In recent years another new class of models has emerged: Neural Turing machines (NTMs). These models attempt to mimic the fundamental functions of computers – central processor units, memory units, buses, etc. – entirely using neural functions. The important and significant thing about this is that you get general-purpose computation systems that are entirely differentiable. That is, you can input programs and they execute them, and you can take the derivative of the machine’s parameters with respect to your outputs. This means you can optimize the entire machine using gradient descent to obtain some desired output.
Some of these NTM-like architectures include more recent models like memory networks, memory networks with a soft attention mechanism, pointer networks, stack-augmented RNN, stack/queue-augmented LSTM nets, NTMs trained with reinforcement learning, and NPIs, as I discussed in my NPI post. People like Ilya Sutskever and Jurgen Schmidhuber have talked about how these sorts of methods are the future.
So now that we have neural architectures that act like general-purpose computers, we have almost come full circle. The blog article I linked at the beginning of this post offers a tentative way of expressing neural nets using functional language, and NTM-derived models show certain classes of program-like behaviours being carried out by custom neural models. It seems that what would be needed to close the loop would be a language where you could describe arbitrary program-like behaviors using a functional language, which would then be automatically translated or compiled into a neural system (perhaps an NTM or NPI, as appropriate), allowing learning some of the the parameters or functions of a program entirely from data. This sort of programming language, were someone to implement it, could be called a Differentiable Programming Language (DPL). The special case of this where all primitives (except for very simple ones like addition) are neural, that is, have the following form:
y = f(x) = σ(Wx + b)
could be called Neural Programming Languages (NPLs).

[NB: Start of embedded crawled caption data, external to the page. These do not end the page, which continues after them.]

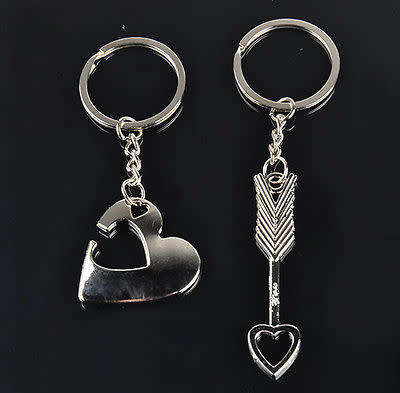 2PCS Keychain Keyring Keyfob Valentine's Day 1Pair Lover Gift Heart Key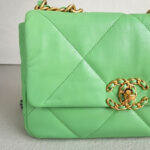 Chanel 19 Flap Bag Green Lambskin with Gold/Silver/Ruthenium Hardware #RKSK-1 - Image 3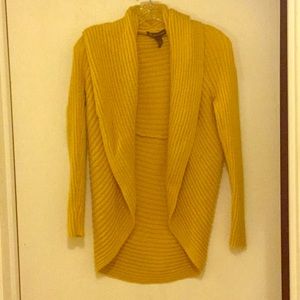 INC Dijon mustard cardigan sweater.
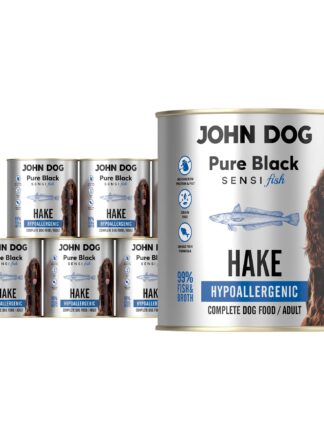 Zestaw sześciu puszek 800 g mokrej karmy hypoalergicznej dla psa John Dog Pure Black Sensi Fish Hake; opakowania z ilustracją morszczuka i psem o długiej sierści; monobiałkowa formuła bez zbóż i kurczaka.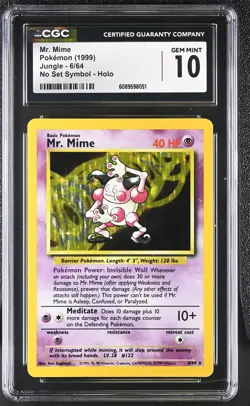 CGC 10 GEM MINT Mr. Mime 1999 Jungle 6/64 No Set Symbol Holo Pokemon Card - Image 1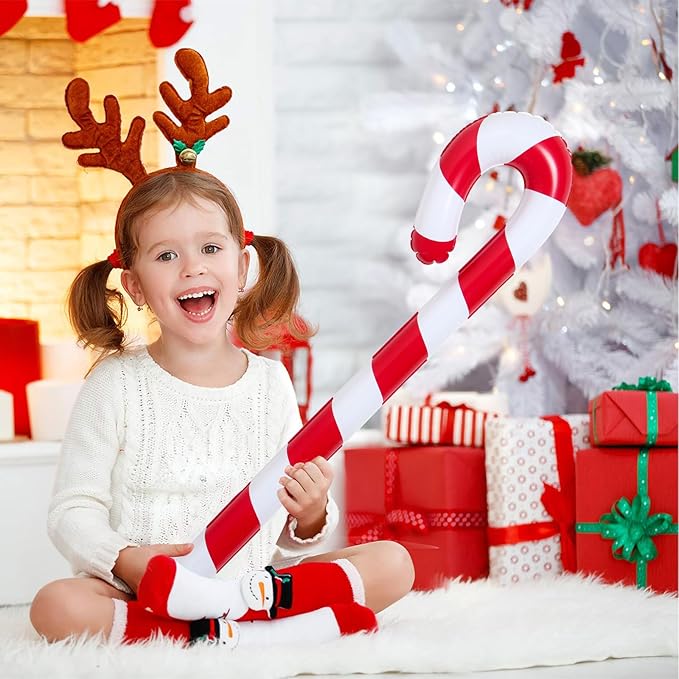 QIFU 3pcs 35 Inch Inflatable Christmas Candy Cane for Christmas Decorations, Indoor Outdoor Holiday Yard Xmas Decorations Gift Party Favor for Home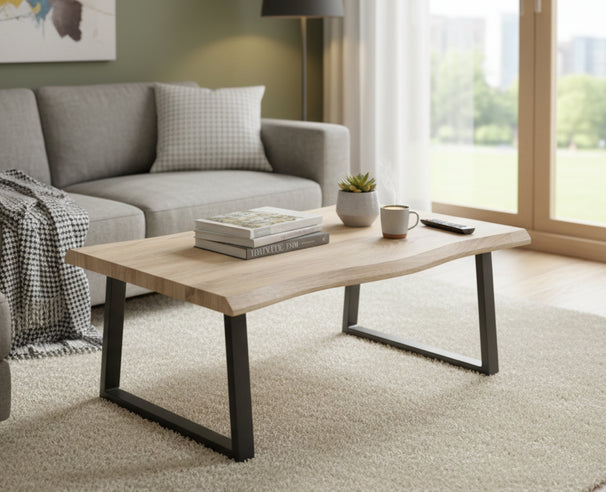 Cedar Wood Finish - Large Wave Design Coffee Table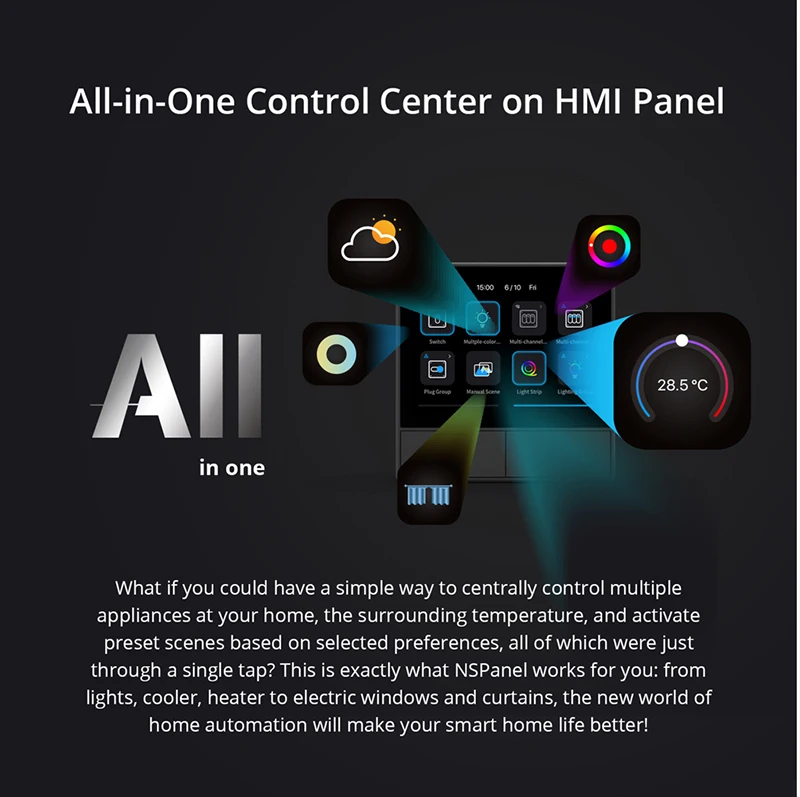 Interruttore Smart SONOFF NSPanel EU | Touchscreen, Controllo Temperatura, Scene | Compatibile Con Google Home, Alexa, EWeLink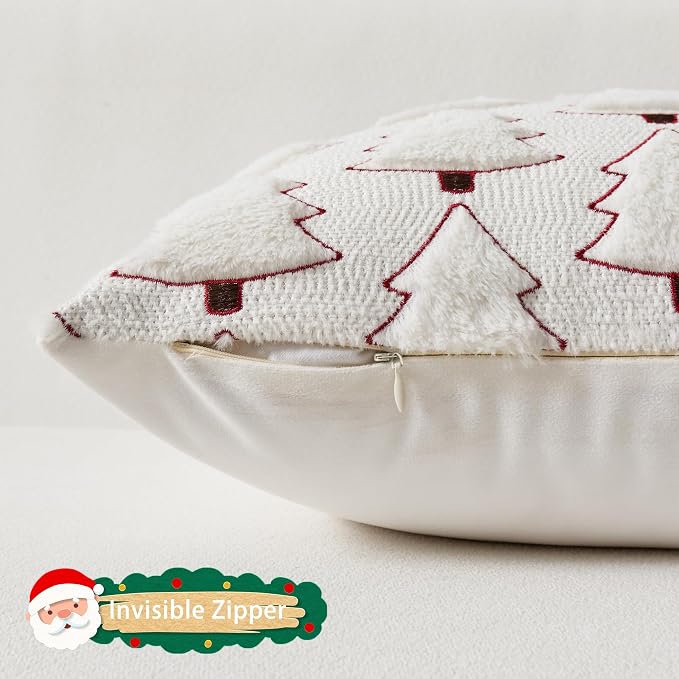 UGASA Christmas Tree Pillow Covers 18x18 Inch Set of 2 Soft Plush Faux Fur Luxury Embroidery Decoration Pillowcases for Couch Sofa Holiday Festivals Winter Xmas Gift, Cream White & Red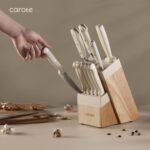 CAROTE 14 Pieces Knife Set with Block, Forged, High Carbon Stainless Steel Sharp Blade Block Knife Set, Dishwasher Safe Cutlery, Cream - Image 7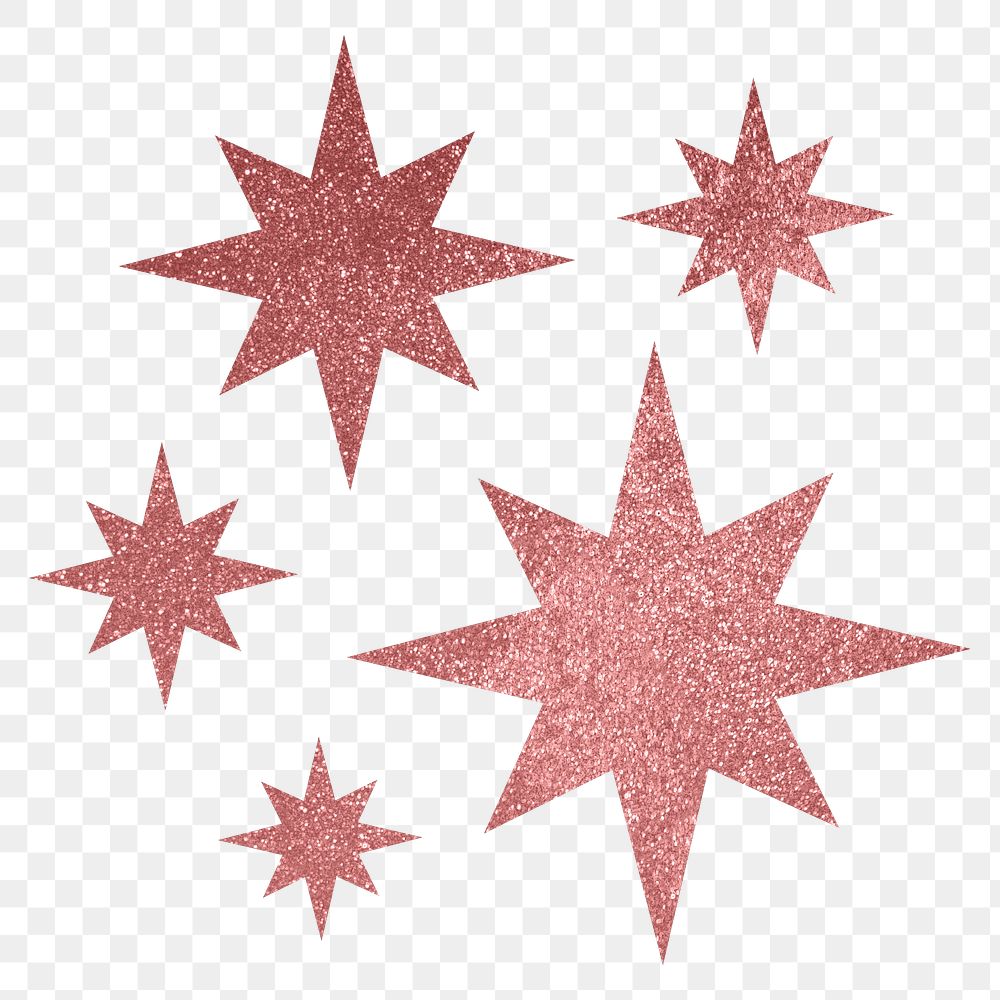 Glittery starburst png icon sticker, pink geometric shape on transparent background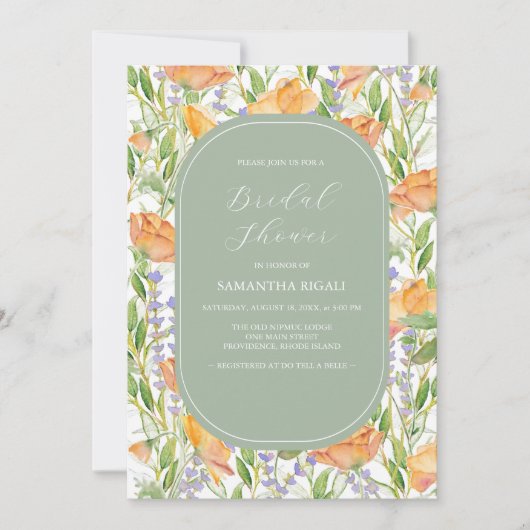 セージグリーンワイルドフラワーズブライダルシャワー招待状 (正面)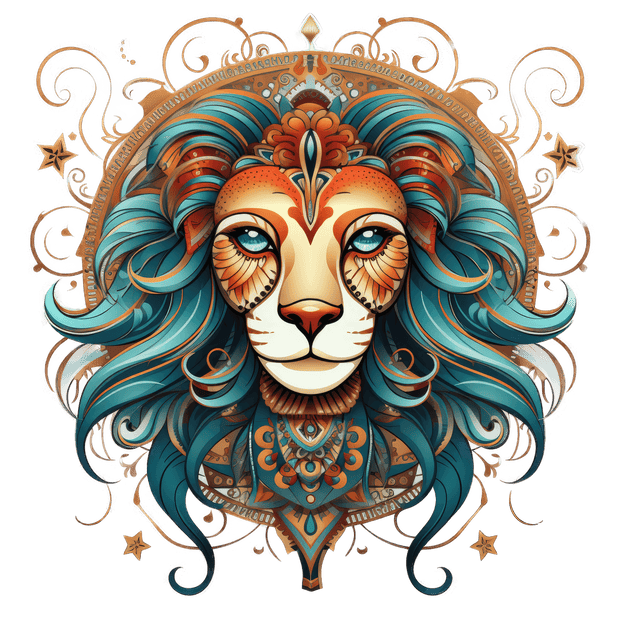 Loe Lion Gold & Blue DTF (direct-to-film) Transfer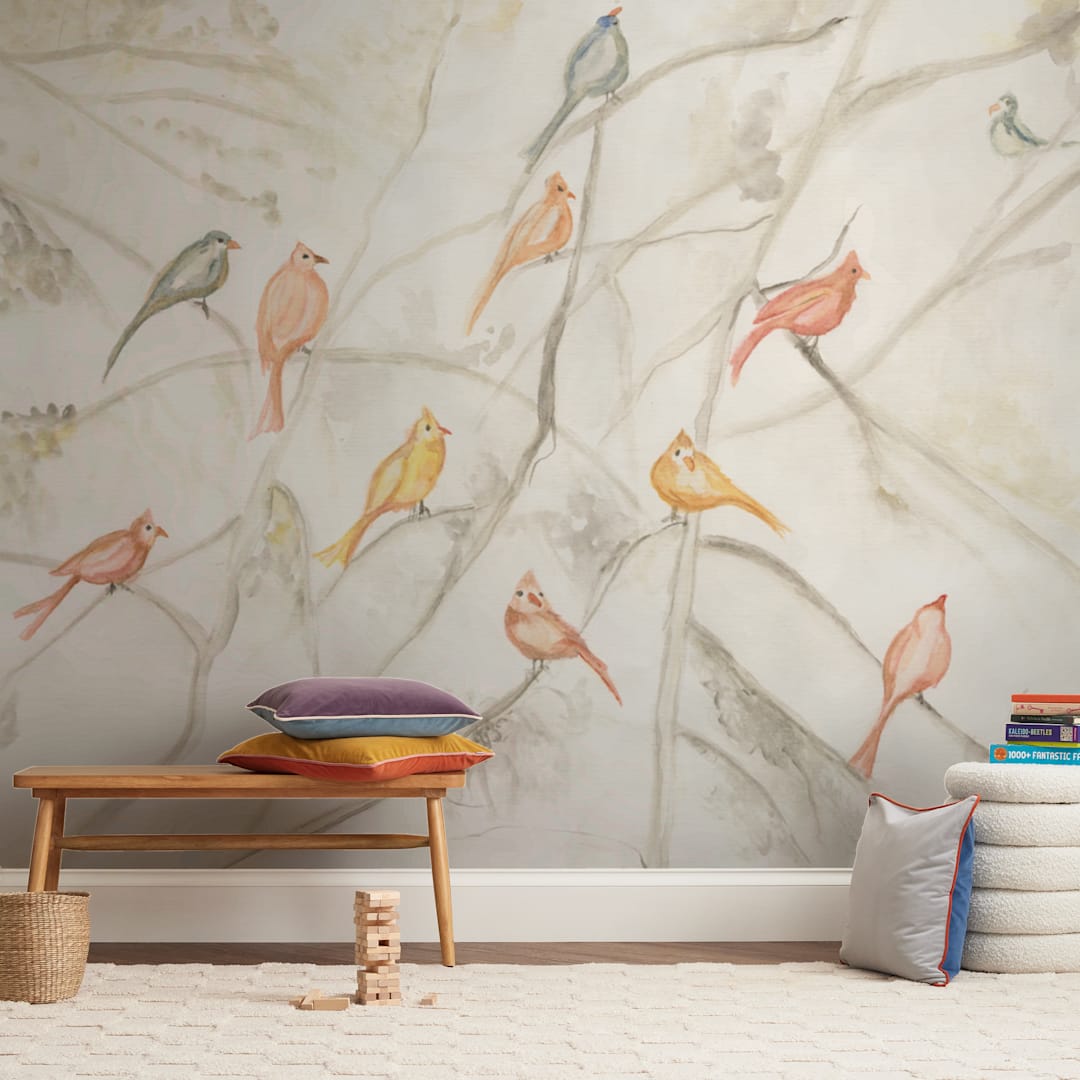"Birds on trees" - Wall Mural in White by Flavia Carneiro - In a Room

One could argue that TensorFlow is already a low-level DPL. It has many of the language constructs that we expect in traditional programming but don’t usually expect from neural nets, such as while loops, conditional statements, and data structures like queues. And all of this is completely differentiable! Yet I would argue that TensorFlow is not the ideal DPL we desire, because implementing NTMs, NPIs, and other models in TensorFlow doesn’t seem ‘natural’. Also, TensorFlow lacks an innate memory mechanism, which all of those architectures require. In addition, there is no type system in TensorFlow.
Instead, we would like to use a more high-level approach to designing a DPL, and let the ‘compiler’ take care of the details for us.
High-Level Differentiable Programming Languages
Let’s give an example to make the idea more concrete. Let’s say our program is, in pseudocode:
function h(x) return f(g(x)) endfunction
Then this would be compiled to:
h(x) = σ(W1(σ(W2x + b1)) + b2)
That is, a standard two-layer MLP. Simple enough. What about a more complicated example? Consider a conditional:
function f(x, a) if x > 1.0 return a + 1 else return a endif endfunction
It is possible to translate this to the following neural structure:
+(x, y) = σ(Wx + W‘y + b)
f(x, a) = if(x, 1.0, +(a, 1.0), a)
Where we have used recursive neural nets aka TreeNets, and we have used a differentiable
Ok, now let’s make things a bit more formal and actually define a usable language. We have to make the distinction between functions defined in a neural way (that is, those functions we want to find or optimize) and functions given as combinations of other functions. This we will do in the next section.
It’s good to keep the language simple at first, so that we only need to implement the most basic functions required to get us up and going. Lisp is a language that is highly minimalistic in every way: Its interpreter is simple, its evaluation semantics are simple, and its ‘core’ set of functions are simple. You can describe the entire implementation of a Lisp interpreter/evaluatior in just half a page of code (page 13 of this book). Other functional languages like Haskell and so on are also very minimalistic and simple. Here, I’m going to use a subset of Lisp that doesn’t include quoted expressions. This actually greatly reduces the power of the language and it’s probably not a true Lisp, but for our purposes it suffices. We’ll also include a rudimentary type system.
Our language constructs are:
- A set of primitive functions, which carry out the basic neural σ(Wx + b) building block, with W and b learned from the data. Each primitive function has a simple type: f:T->S. Functions have to be applied to correct types.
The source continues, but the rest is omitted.